Barnsley’s ambition to beat Government targets to help fight climate change
A new strategy will be developed with the objective of putting the whole of Barnsley ahead of the Government’s target of becoming carbon neutral by 2050 under ambitious plans announced by council leader Sir Steve Houghton.
It is accepted the scheme will bring costs but Sir Steve told councillors is was a practical alternative to declaring climate change emergencies.
He told a meeting of Barnsley Council the aim was to make both the authority and the borough carbon neutral and said: “The council takes the whole green agenda very seriously.
“It is no good declaring emergences, it doesn’t help anything. We need a forward programme. We will do that.
“The challenge will be money, these things are not free and we will have to pay for that.
“We will make a commitment for a strategy to beat Government targets and to spend money on it,” he said.
A recent ‘scrutiny’ meeting of councillors has been given details of the work already in progress towards cutting the council’s contribution towards pollution, including the introduction of electric vehicles to the authority’s fleet.
However, the council’s activities only account for a tiny proportion of all air pollution in the borough so a bigger challenge will be to drive changes beyond that.

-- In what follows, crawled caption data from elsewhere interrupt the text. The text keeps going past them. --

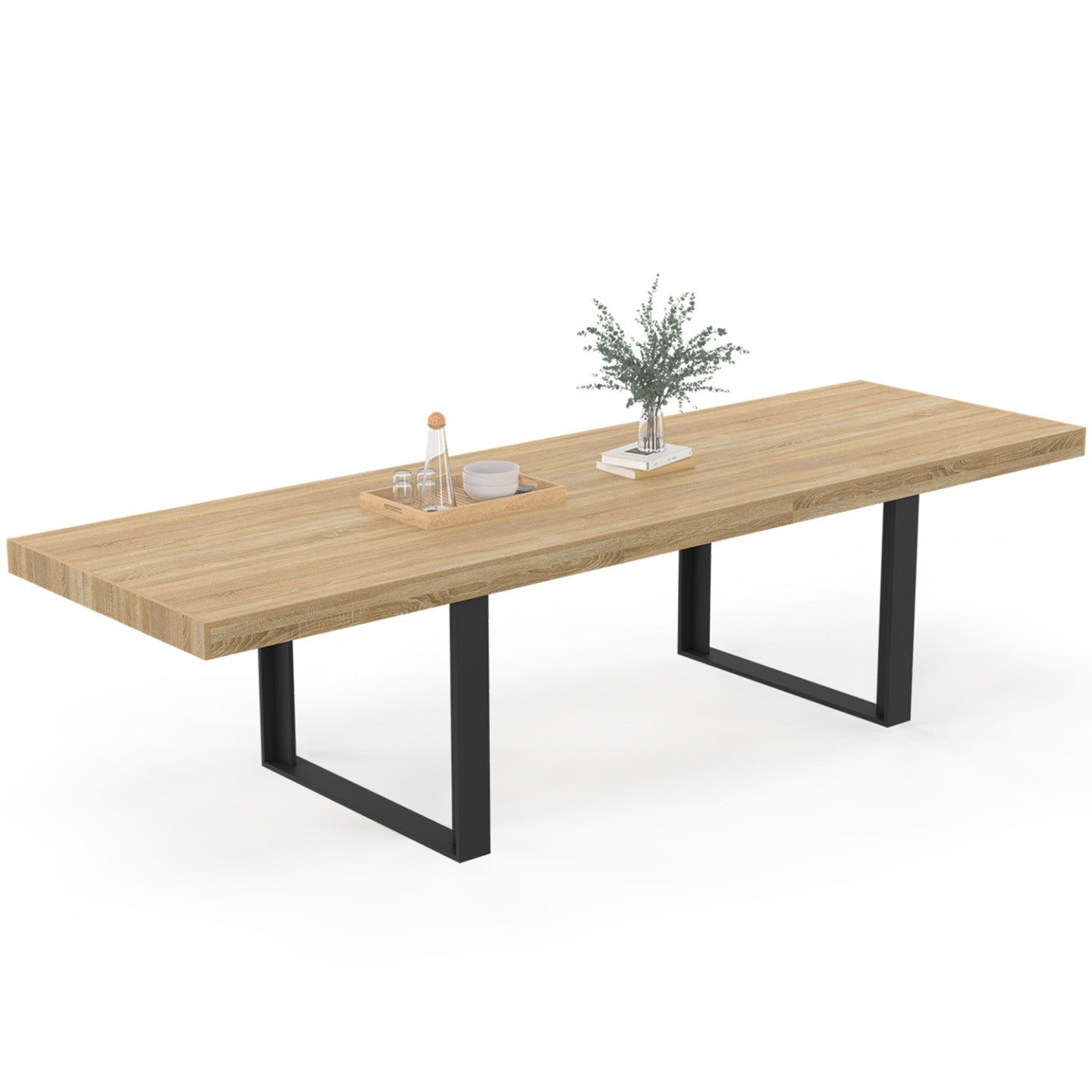 Table à manger rectangle PHOENIX 12 personnes bois et noir 300 cm - 2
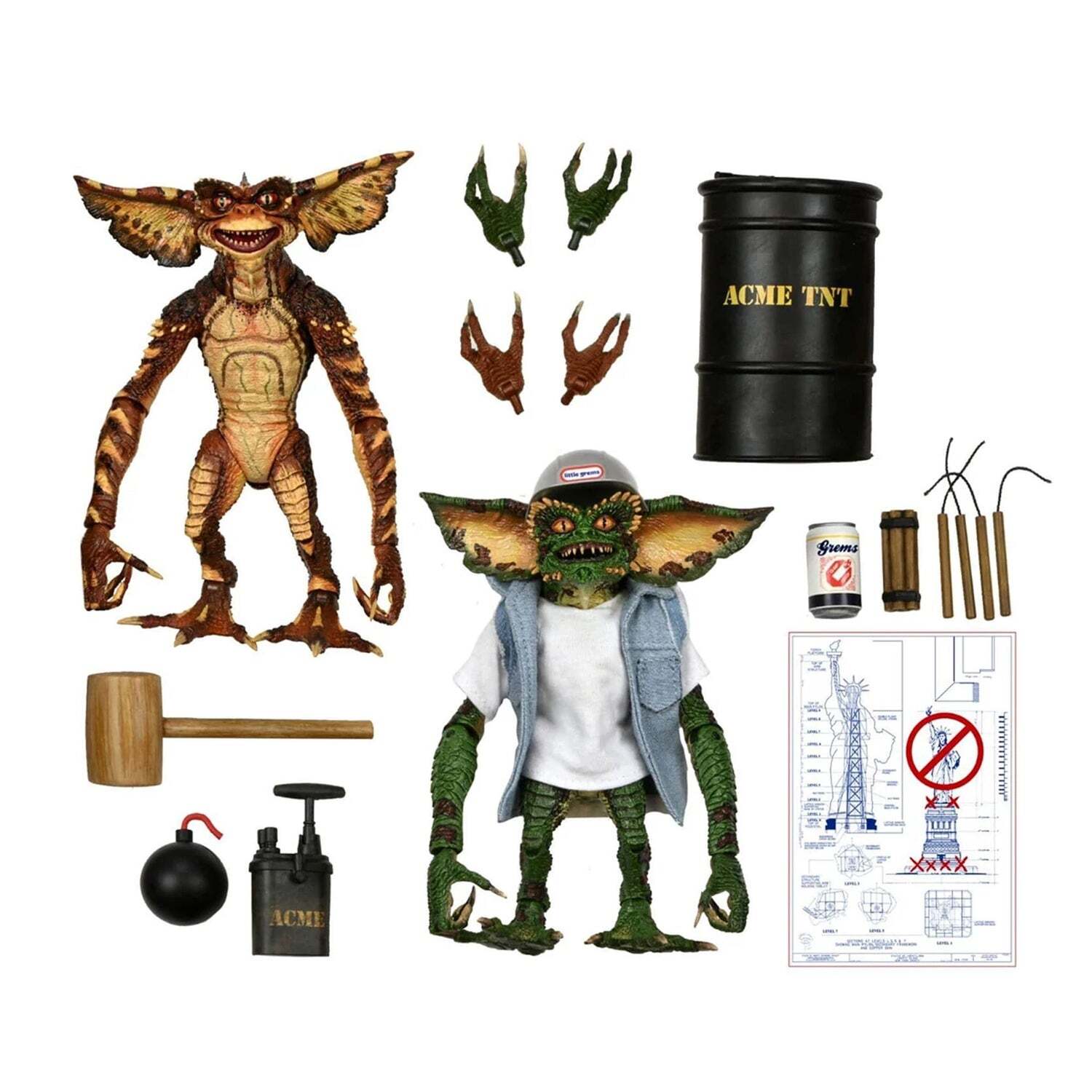 GREMLINS 2 - IL NUOVO LOTTO ACTION FIGURE IN SCALA 7" - GREMLIN DEMOLITORE CONFEZIONE DA 2
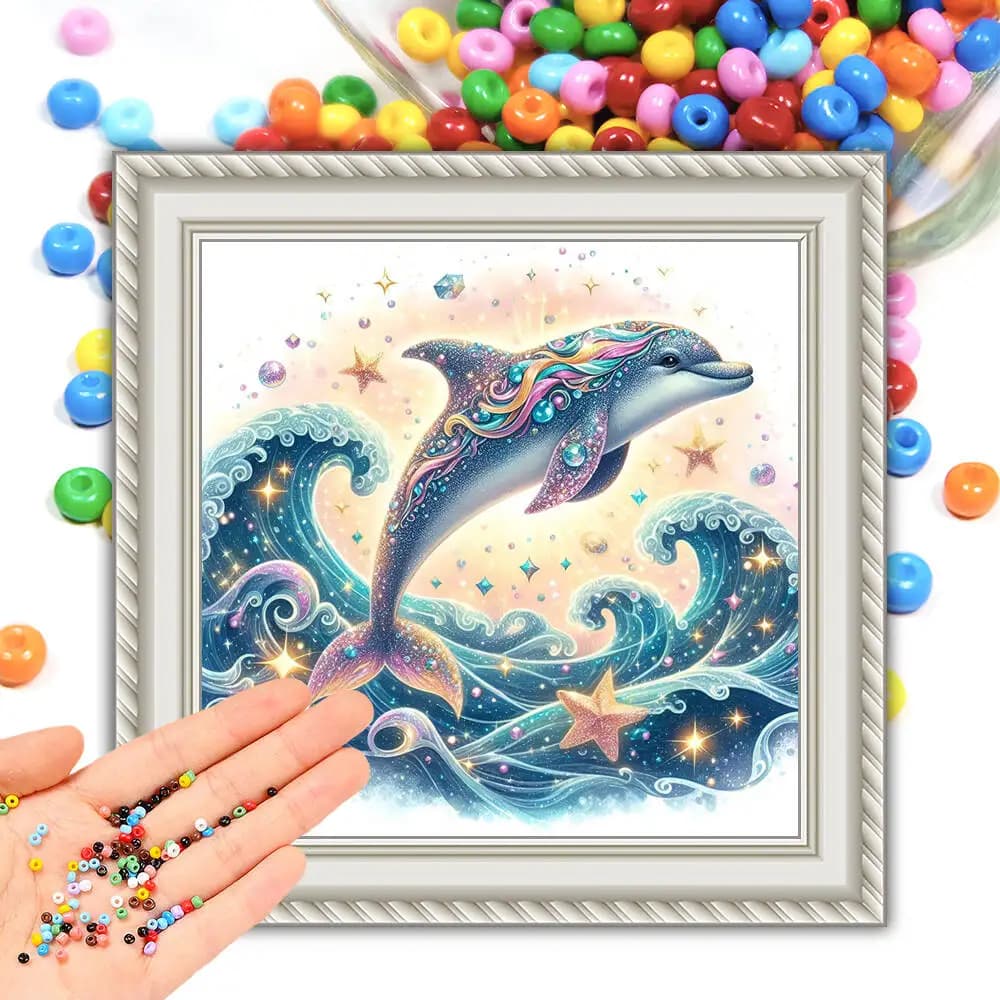 Perline Set da ricamo Delfino Mare Ago Artigianato per cucire Kit punto croce fai da te 11CT Livello ingresso animale Decorazioni murali Soggiorno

Sir Steve was responding to a motion put forward by Coun Peter Fielding that the council should stop the building of housing, schools or play areas at locations deemed air quality management area, where pollution was regarded as a problem.
Coun Fielding’s motion would have involved revisiting the council’s Local Plan – adopted months ago after years of preparation – and Sir Steve told him: “You are asking us to do things quite simply that we cannot.”
Coun Fielding said only one site earmarked for homes in the Local Plan would be affected, expected to produce between 100 and 150 homes, with half of them in the air quality management area.
Plans to develop the site, close to the M1 off South Road, is becoming an increasing source of friction, with Coun Fielding objecting to the proposals.
Although the land is earmarked in the Local Plan, no planning permission has yet been granted.
Two council houses would have to be demolished to give access to the site, with tenants moved out already by Berneslai Homes, said Coun Fielding.
The council has argued that the development would lead to more homes going into council housing stock.